Series: Ideas at Work
Dishing Up the Math: Tasks at Home Can Become Math Time
Every day dishes need to get cleaned, and every day dishes need to get put away. It might not seem like an important task… until there are no spoons for your morning cereal! By involving children in chores like doing the dishes, you can help them see mathematics in the work and turn an everyday task into a math task. And even better if you get some help in everyday chores around the house!
Enough is Enough – Measurement
There are many different size comparisons happening throughout your dishwashing experience. That means there are good opportunities for you to provide measurement-related language while children are already engaged.
Essentially, any time you talk about amount – how much, whether more or less would be better, which is smaller—you are talking about math relationships.
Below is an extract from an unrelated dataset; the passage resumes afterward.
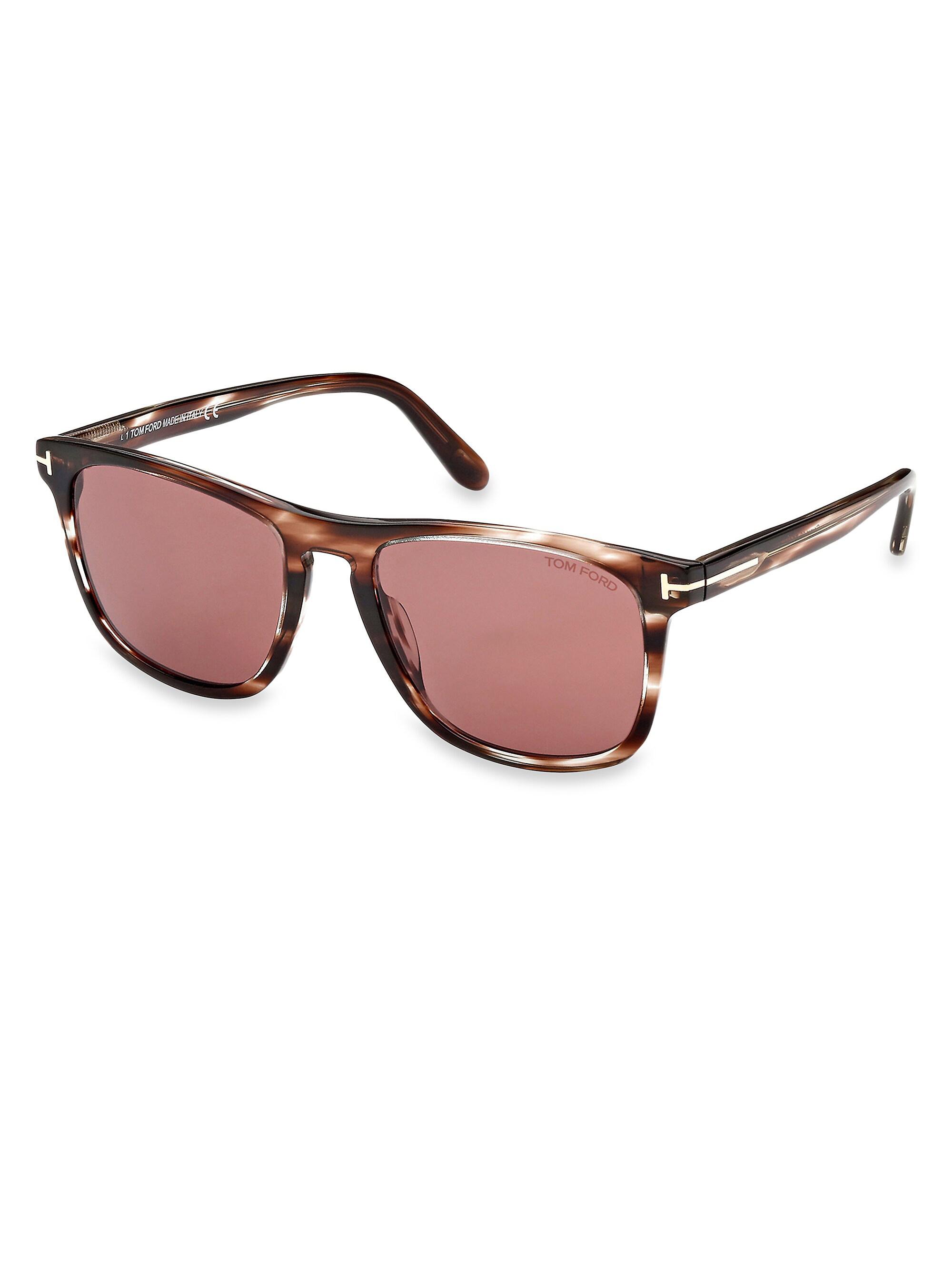 TOM FORD Men's Gerard-02 55MM Square Sunglasses - Shiny Striped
Just noticing these opportunities and using language to point them out really mathematizes the dishes!
Mother and daughter compare sizes of “baby spoons” and “daddy spoons” in their home language, Gujarati.
Here are some examples of how measurement can be found in your dishes routine, making it a math task:
- Organizing which dishes will be washed first: “We’ll start with the little things, like utensils, and save the big things for last.”
- Explaining how you decide how much water to put in your sink or basin: “Let’s fill it right up to that line—that’ll be enough for the pans to get soaked.”
- Deciding how much dish soap to use: “If we use too much, the bubbles will get all over and we won’t have enough left for tomorrow.”
- Putting dishes away: “The short spoons go in this tray, and the long spoons go in that one.”
Give your Dishes a Spin! – Spatial Relationships
It’s also true that most of the dishwashing task is consumed with moving objects around. To do that effectively, we all make judgements about whether there is “enough room” and we rotate and flip objects to clean and organize them. This kind of spatial thinking not only connects to geometric thinking but has been shown to connect to many different kinds of math tasks.
Singing makes chores a lot more fun! Use a familiar tune and sing as you work. Here’s a song in Gujarati.
Here are some of the opportunities you might see:
- Bringing all the dishes from the table to the counter next to the sink: “Let’s stack the plates on top of each other here, right next to the bowl.”
- Loading the dishwasher: “Put the forks with the tines up, like this, so they have a better chance to get clean.”
- Hand-washing the cups: “It’s good for you to get the cloth all the way down inside the cup to the bottom to get all the milk out.”
- Putting dishes away: “The pot lids go in the drawer under the microwave.”
Setting up for success
Just a reminder to be patient the first time you try involving your kids in cleaning up the kitchen. Start small and give little ones ample time. It might take you 10 minutes to complete the task on your own and 20 minutes or longer with your children but trust that process will get easier. Plan on sticking around to share the work – children will need your support and your supervision. When you layer in math language about size and spatial relationships, then your dish-washing does double duty. Clean dishes AND math learning: a win-win situation!
When you layer in math language about size and spatial relationships, then your dish-washing does double duty. Clean dishes AND math learning: a win-win situation!